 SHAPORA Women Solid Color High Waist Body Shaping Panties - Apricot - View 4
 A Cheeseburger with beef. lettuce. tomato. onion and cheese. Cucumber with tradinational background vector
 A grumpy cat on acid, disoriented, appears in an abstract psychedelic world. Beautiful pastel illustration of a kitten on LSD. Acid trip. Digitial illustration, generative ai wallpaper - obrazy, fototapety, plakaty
===============
Write out the whole listing again, keeping every character as it is.

▸ SOLUTION TO THIS TASK:
 SHAPORA Women Solid Color High Waist Body Shaping Panties - Apricot - View 4
 A Cheeseburger with beef. lettuce. tomato. onion and cheese. Cucumber with tradinational background vector
 A grumpy cat on acid, disoriented, appears in an abstract psychedelic world. Beautiful pastel illustration of a kitten on LSD. Acid trip. Digitial illustration, generative ai wallpaper - obrazy, fototapety, plakaty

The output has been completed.